Aujourd’hui, alors que la principale opportunité professionnelle des jeunes paraît de plus en plus se réduire soit au tourisme, soit à l’émigration, les choix faits par les responsables en terme de programme d’éducation aux langues se tournent, donc, essentiellement, vers ceux, parmi les idiomes des voisins, qui pourront permettre d’accueillir et de vendre du service, ou bien alors d’ouvrir la porte d’une émigration organisée et prometteuse d’une carrière véritable et d’une vie apaisée. Sur ce plan-là, notre voisin germanique, qui a bien conscience de son besoin d’aspirer les cerveaux bien formés des pays satellites de l’Europe et plus pauvres, ne masque pas un instant sa volonté de ratisser dès les bancs du collège. Et puis les Russes sont les plus nombreux sur les plages et dans les boîtes de nuit.

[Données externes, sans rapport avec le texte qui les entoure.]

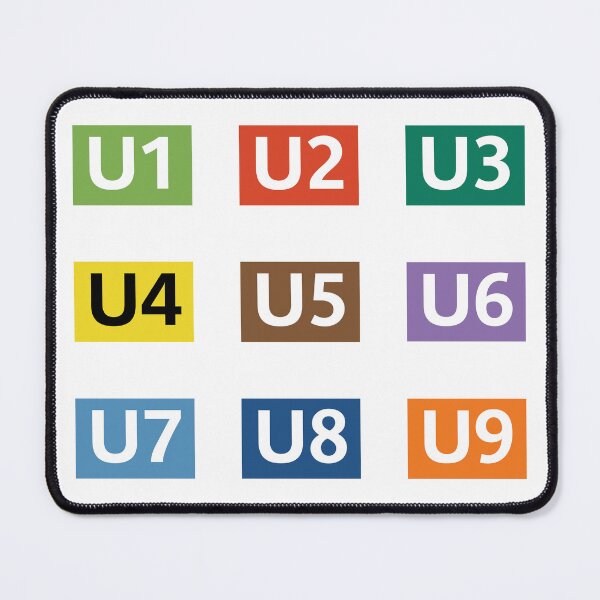 Item preview, Berlin U-Bahn Lines Signs designed and sold by TransportFans.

Pour le français, l’image – et l’héritage – aristocratique paraît avoir de plus en plus de mal à faire son effet, la tendance du siècle étant manifestement au pragmatisme de l’urgence.

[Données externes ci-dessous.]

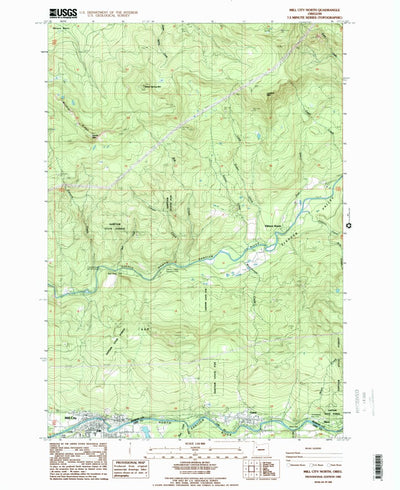 United States Geological Survey Mill City North, OR (1985, 24000-Scale) digital map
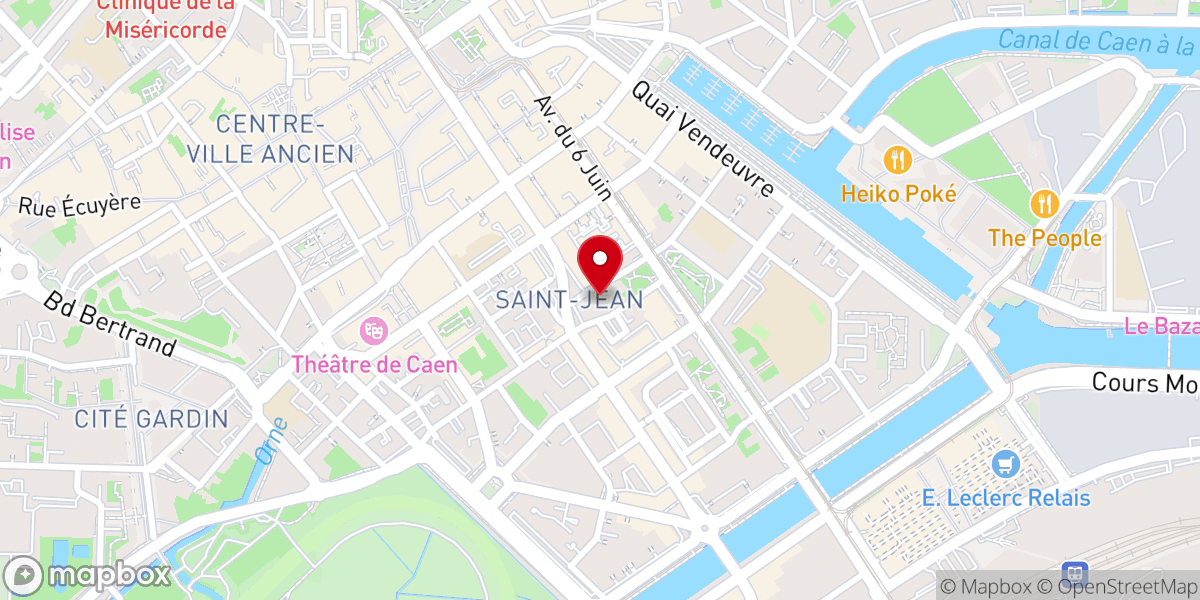 Map showing location of Église Saint-Jean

Ce n’est pas sans fierté, cependant, que les professeurs de français du Monténégro parlent de leur grand roi Nikola II, francophile engagé, qui fit venir de l’hexagone médecins et autres ingénieurs, pour faire sortir son pays du moyen âge post-ottoman et l’ouvrir au monde des échanges des biens et des idées.

C’est ainsi que, en recherche d’une manière d’enseigner plus efficace et saisie par la puissance pédagogique des propositions de l’approche neurolinguistique auxquelles elle a pu s’initier lors de notre stage de juillet 2017 à French in Normandy, une enseignante particulièrement impliquée dans l’APFM m’a invité à me joindre à leur congrès annuel avec ma panoplie usuelle de propositions pédagogiques. La thématique de ces rencontres, toutefois, avait été décidée avant même qu’on me sollicite. Suggérée par l’Insititut Français, premier collaborateur et aide précieuse aux actions de l’APFM, il s’était donc agi de faire le point sur la « perspective actionnelle ». La chose ne m’est pas étrangère, puisque je m’étais appliqué, avec toute l’équipe de l’Institut Français de Tokyo, de 2007 à 2011, à la mettre en place méthodiquement et à l’adapter au terrain d’enseignement où j’œuvrai alors (nous avions même organisé des GEP dans cette perspective, échanges et analyses de pratiques sur la base de films de classe en 2010). Mais bien sûr, près d’une dizaine d’années après son apparition et le retour de tentatives faites aux quatre coins du monde, je ne pouvais pas faire connaître le projet « d’approche actionnelle », ses théoriciens et ses concepts clés, sans amener mes stagiaires à l’envisager sous un angle critique (ce que nous avions nous-mêmes fait, avec Jean-Philippe Rousse et Gaël Crépieux, quand nous avions conçu Interactions, qui reprend tout des recommandations concernant l’approche par compétence du Conseil de l’Europe, en évitant soigneusement de l’adosser à un jargon encore à la mode, à cette époque, au moment de sa parution, et surtout, pour nous pédagogiquement flou et conceptuellement totalement praxéologique).   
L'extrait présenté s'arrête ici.